[Stored data — start]
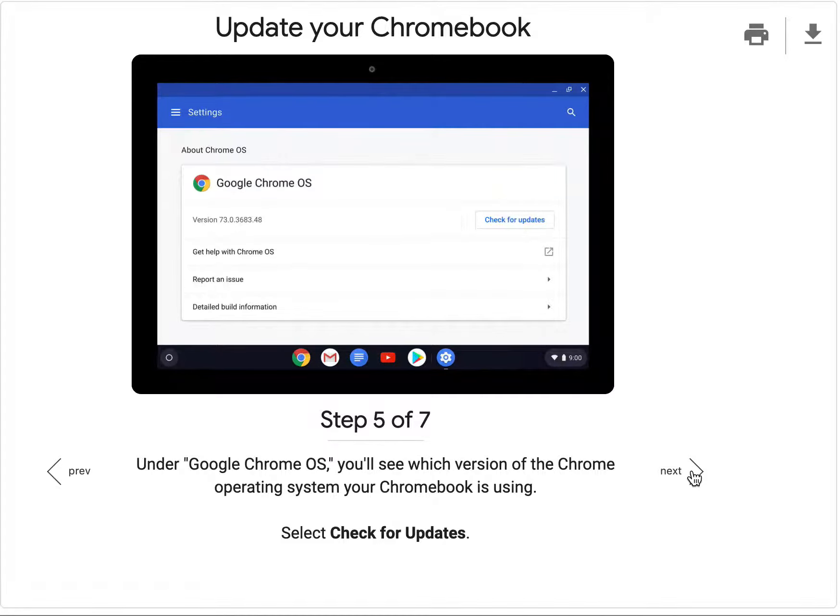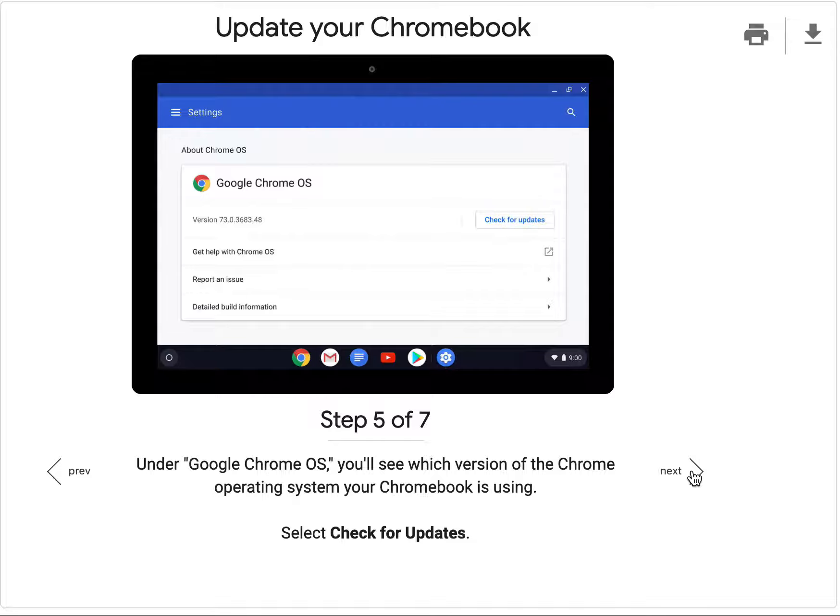Under Google Chrome OS you'll see which version of the Chrome operating system your Chromebook is using. Select Check for Updates.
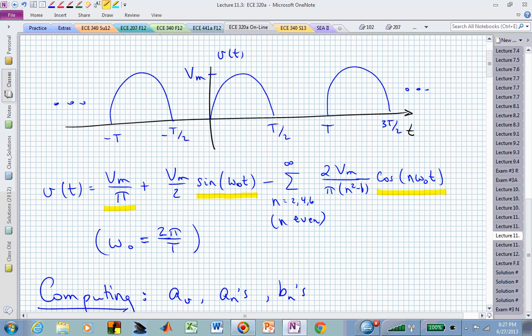That is the derivation of those coefficients in the Fourier series expansion of the half-wave rectified sine wave. Hopefully that gives you a better feel for that expression.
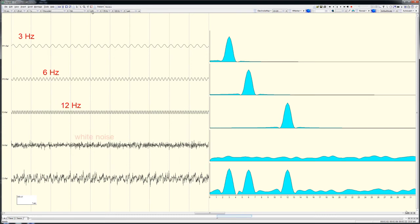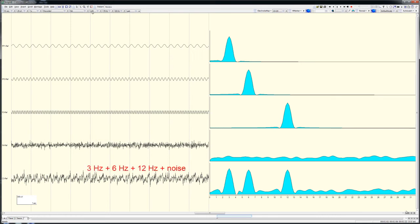The fourth trace is white noise, with an average amplitude of 60 microvolts peak-to-peak. The fifth trace is the mathematical combination of the other four. This trace represents something more akin to an actual EEG signal.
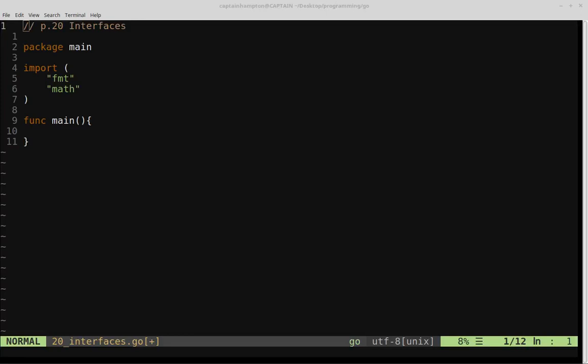Welcome to part 20 of Learn Go. In this video we're going to be going over interfaces. Interfaces are named collections of method signatures, and we're going to be implementing a basic interface called geometry, which is going to be one interface for geometric shapes.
[Stored data — finish]
Exercise description -
The result should be an exact copy of the material, containing no pictures.

Output of the exercise -
Under Google Chrome OS you'll see which version of the Chrome operating system your Chromebook is using. Select Check for Updates.
That is the derivation of those coefficients in the Fourier series expansion of the half-wave rectified sine wave. Hopefully that gives you a better feel for that expression.
The fourth trace is white noise, with an average amplitude of 60 microvolts peak-to-peak. The fifth trace is the mathematical combination of the other four. This trace represents something more akin to an actual EEG signal.
Welcome to part 20 of Learn Go. In this video we're going to be going over interfaces. Interfaces are named collections of method signatures, and we're going to be implementing a basic interface called geometry, which is going to be one interface for geometric shapes.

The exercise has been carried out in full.